Dopo l’annuncio degli Stati Uniti d’America di recedere unilateralmente dall’accordo sul nucleare iraniano, è seguita a breve distanza la decisione dell’amministrazione Trump di non sospendere l’applicazione di dazi commerciali nei confronti di Europa e Cina. Colpiti da queste “sanzioni” saranno il settore metallurgico europeo dell’acciaio (imposte del 25%) e dell\’alluminio (10%).
La decisione del Presidente USA si innesta in un più articolato piano di riforma del paradigma commerciale e produttivo statunitense, che tuttavia mostra molti punti deboli.
Se è vero che gli Stati Uniti d’America si trovano in una condizione di “declino relativo” (nel 1950 producevano il 50% delle merci disponibili al mondo, oggi solo il 17%), ciò non è dovuto ad una loro decrescita (hanno aumentato di 6 volte la propria produzione nello stesso lasso di tempo), ma ad una crescita degli altri Paesi (in primis la Cina, ma anche l’Europa uscita martoriata dalla Guerra). Il periodo di straordinario benessere economico degli Stati Uniti è anzi dipeso dalla propria capacità di porsi alla testa di un numero crescente di Stati alleati (arrivati a coincidere all’inizio degli Anni ’90 con la quasi totalità della Comunità internazionale) e di stringere con essi accordi multilaterali (in primis i Paesi anglofoni, ma anche gli alleati nella NATO e l’Unione Europea, la cui integrazione è stata a lungo sponsorizzata dagli USA in quando in linea con gli interessi del momento).
Oggi tutto questo sembra essere entrato in crisi, non tanto perché i sistemi multilaterali abbiano presentato inefficienze o carenze, quanto per una capacità dei principali promotori storici (gli USA) di leggere le dinamiche del presente e venire a patti con un proprio ruolo nel mondo che non può essere identico a quello del 1950.
Il tentativo di imporre dazi commerciali per favorire una produzione industriale interna potrà anche produrre risultati di breve termine, e si potrà concordare con la lettura che l’attuale modello di globalizzazione non sia del tutto equo e corretto. In ogni caso è sbagliato il metodo che l’Amministrazione Trump sta utilizzando per apportare queste riforme: non sarà con shock commerciali o misure restrittive, misure che tolgono fiducia al sistema internazionale, che si potrà giungere ad una riforma migliorativa dello stesso.

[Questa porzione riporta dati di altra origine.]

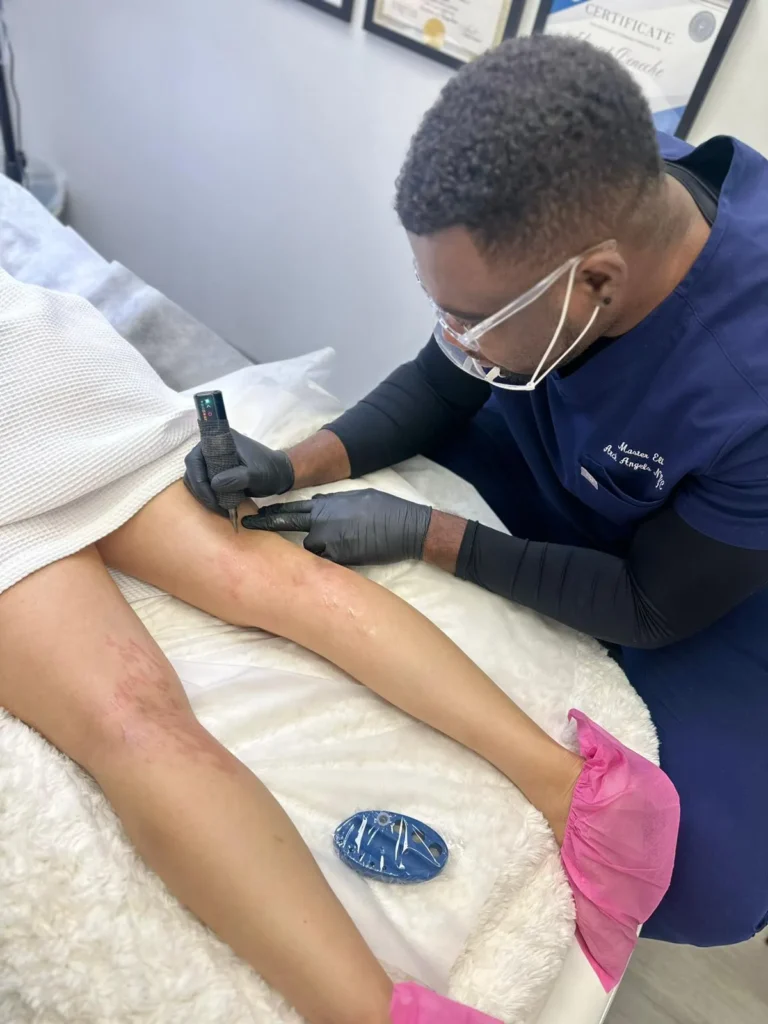 Scar-Stretch-Mark-Camouflage-In-NY-And-NYC-3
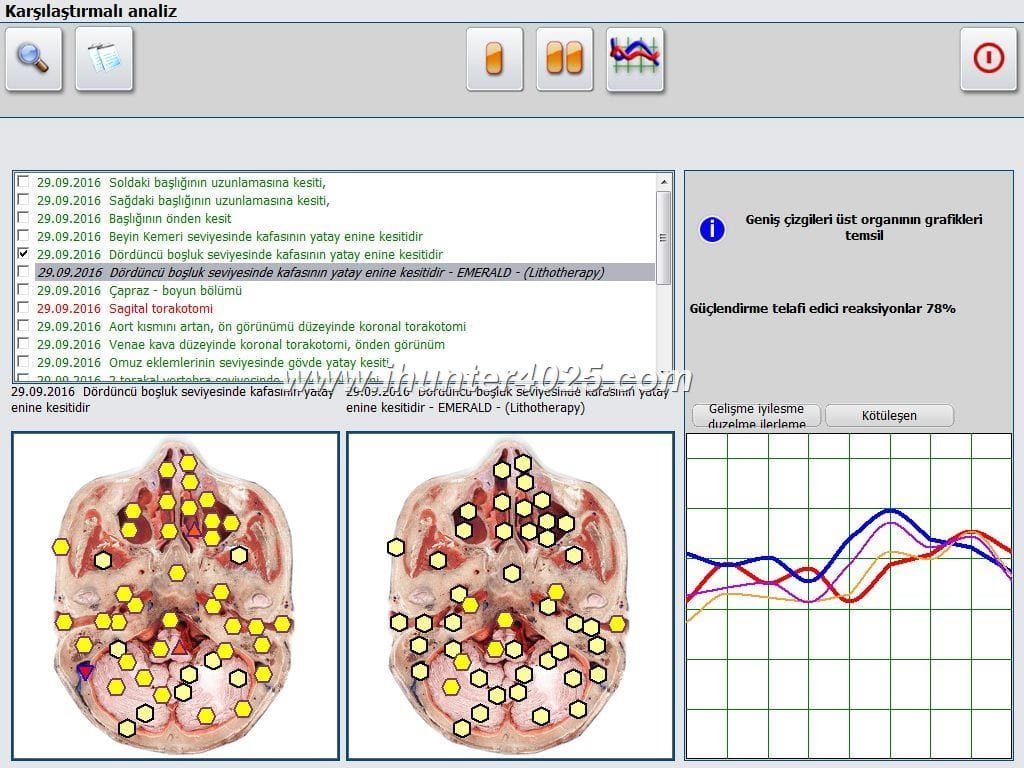 Metatron Bioresonance nls Health Diagnostics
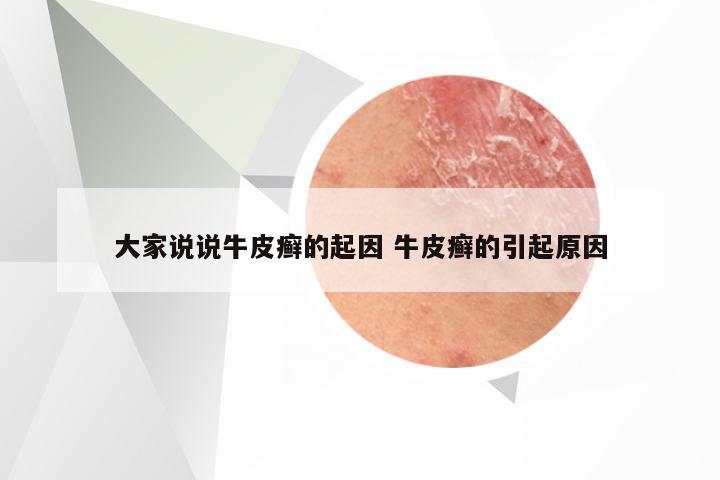 大家说说牛皮癣的起因 牛皮癣的引起原因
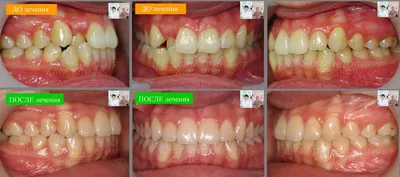 Косметическая реставрация зубов в Красноярске | Cтоматология Люксар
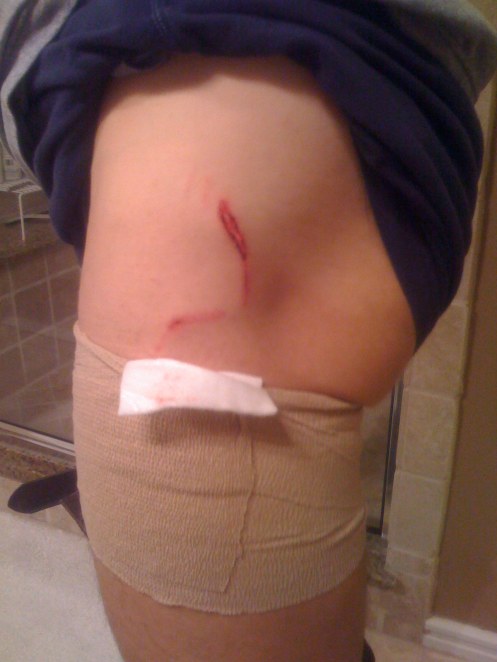 200901XX Dog Bite #1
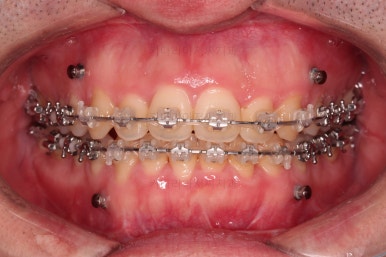부산긴얼굴긴턱교정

Se “riforme” devono essere, si dovrebbe avere la forza e la pazienza di raggiungerle attraverso un percorso pacifico e collaborativo tra tutti i soggetti coinvolti (per noi europei, in ossequio a quel modello di convivenza che ha portato il nostro continente a sperimentare un periodo senza precedenti di pace e sviluppo).
Le scelte americane non sono oggi in linea con gli ideali europei. Forse si tratta di una parentesi temporanea, ma se così non fosse gli scenari potrebbero portare fino al “tramonto dell’asse atlantista”, come da alcuni evocato. Si tratterebbe di una rivoluzione epocale, anche se coerente con l’assetto che il mondo ha assunto dopo il 1989 e che apre ad una generale riforma dei rapporti internazionali e delle logiche (anche economiche) in gioco.